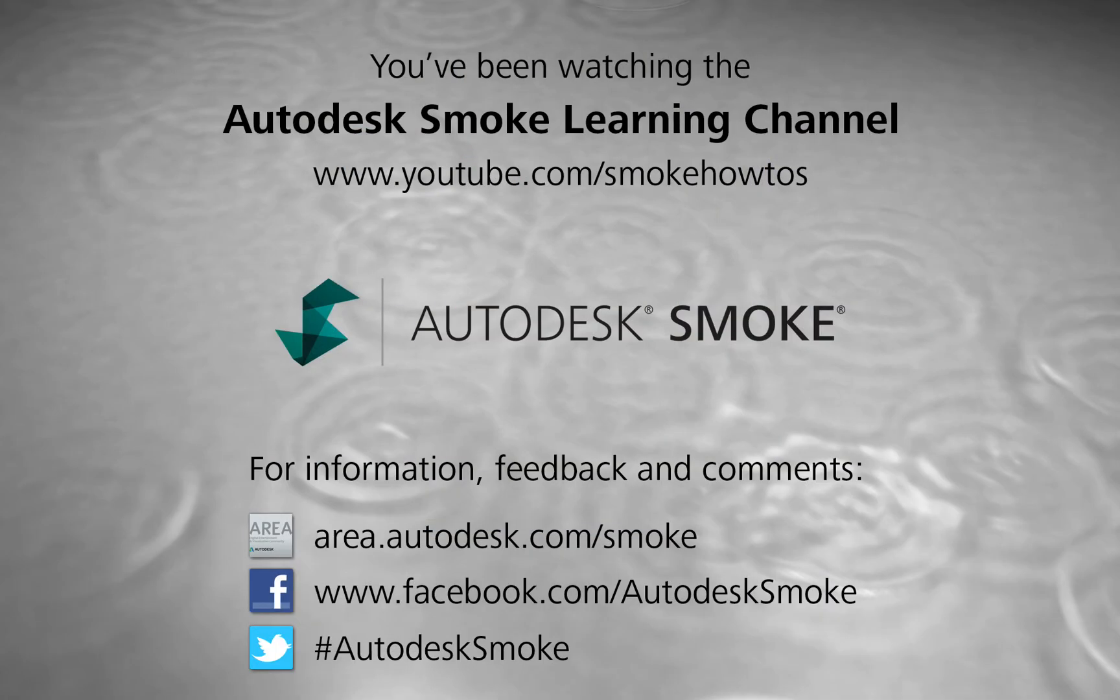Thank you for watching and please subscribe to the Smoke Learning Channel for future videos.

──────

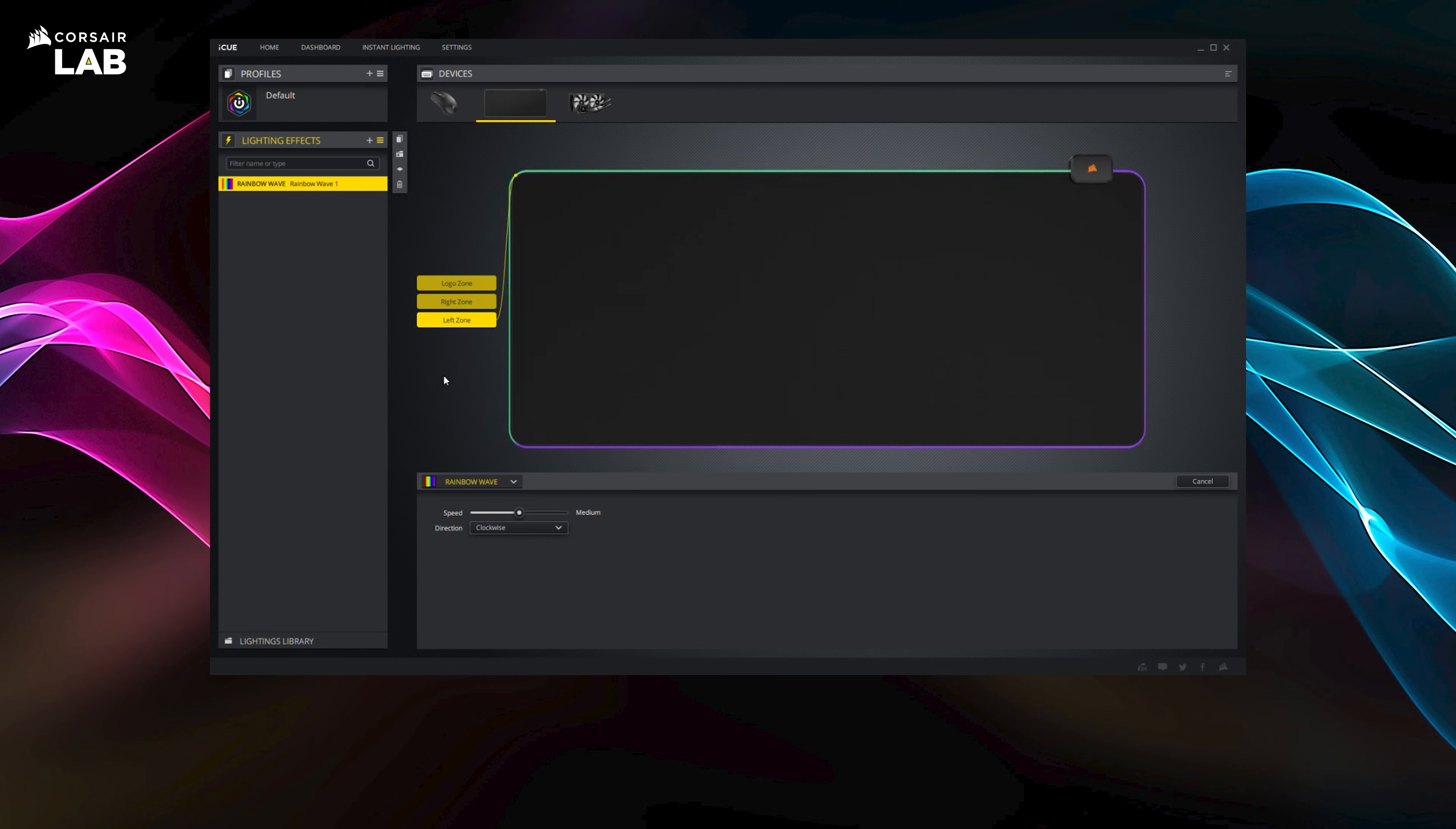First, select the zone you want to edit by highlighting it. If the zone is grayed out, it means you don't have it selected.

──────

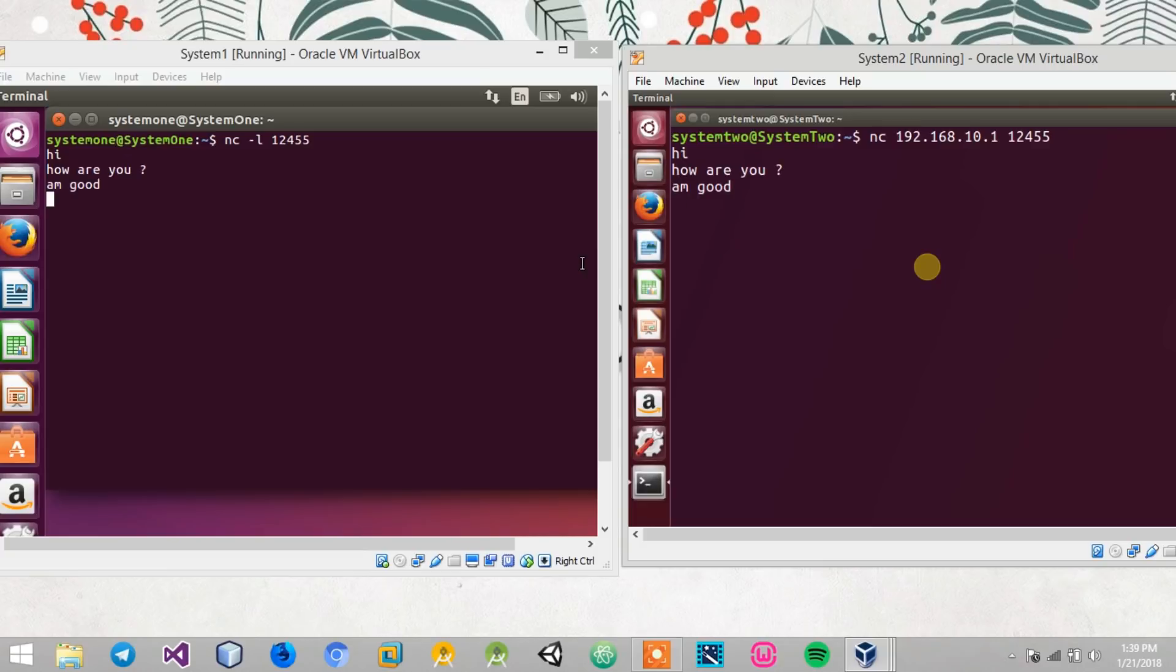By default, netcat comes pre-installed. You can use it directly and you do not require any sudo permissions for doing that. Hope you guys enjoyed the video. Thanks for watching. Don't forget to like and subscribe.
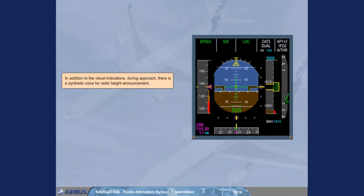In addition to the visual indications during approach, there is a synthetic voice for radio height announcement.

──────

## About this exercise
The lines to reproduce run from the one above containing "By default, netcat" through the one containing "In addition to". Copy them exactly and leave out all pictures.

## Output of the task
By default, netcat comes pre-installed. You can use it directly and you do not require any sudo permissions for doing that. Hope you guys enjoyed the video. Thanks for watching. Don't forget to like and subscribe.
In addition to the visual indications during approach, there is a synthetic voice for radio height announcement.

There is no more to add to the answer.